= Alexander Chalmers' General Biographical Dictionary =

The General Biographical Dictionary was a bestselling book of the early 19th century, compiled by British author Alexander Chalmers. It is the work on which Chalmers' fame as a biographer mainly rests.

==Background==
The Dictionary was an enlarged edition of the New and General Biographical Dictionary, which was first published in eleven volumes in 1761. Other editions of this compilation appeared in 1784 and in 1798–1810. The latter, in fifteen volumes, was edited (first five) by William Tooke, and (last ten) by Archdeacon Nares and William Beloe.
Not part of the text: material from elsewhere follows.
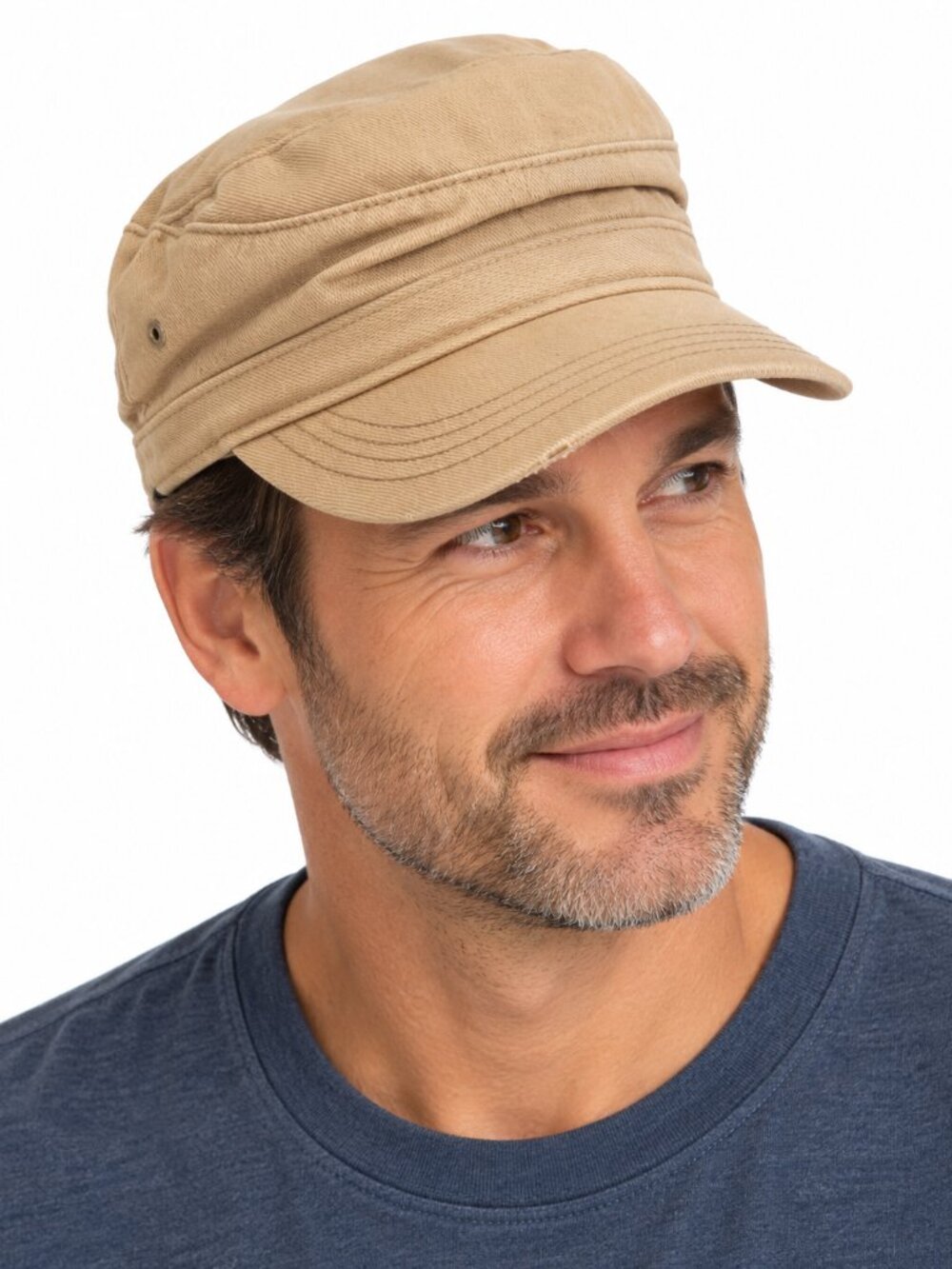 JOES USA Khaki Military Cadet Cap Distressed Army Hat Adjustable Cotton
Then Chalmers's edition had as full title The General Biographical Dictionary: containing an historical and critical account of the lives and writings of the most eminent persons in every nation, particularly the British and Irish, from the earliest accounts to the present time. The first four volumes of this work, in octavo, were published monthly, commencing in May 1812, and then a volume appeared every alternate month to the thirty-second and last volume in March 1817, a period of four years and ten months of incessant labour and of many personal privations. The preceding edition of the "Dictionary" was augmented by 3,934 additional lives, and of the remaining number 2,176 were rewritten; while the whole were revised and corrected. The total number of articles exceeds nine thousand. For many years Chalmers was employed by the booksellers in revising and enlarging the "Dictionary"; but at the time of his death only about one-third of the work, as far as the end of the letter D, was ready for the press. Chancellor Christie remarked that "Chalmers's own articles, though not without the merit which characterises a laborious compiler, are too long and tedious for the general reader, and show neither sufficient research nor sufficient accuracy to satisfy the student."

==Sources==
The Dictionary gives references in footnotes at the end of most articles; Saxii's Onomasticon is the most commonly cited source. There are almost 10,000 separate articles by the second edition of the book; some of them cite the previous dictionary as a reference.

==Reception==
The book was praised for its comprehensiveness. It had 32 volumes, each of approximately 500 pages, and was considerably larger than the Encyclopædia Britannica. The book served as an inspiration for many other authors who wrote similar books under the same title. These include:

- John Gorton's General Biographical Dictionary
- John Lauris Blake's General Biographical Dictionary

The book was printed several times in many parts of the world.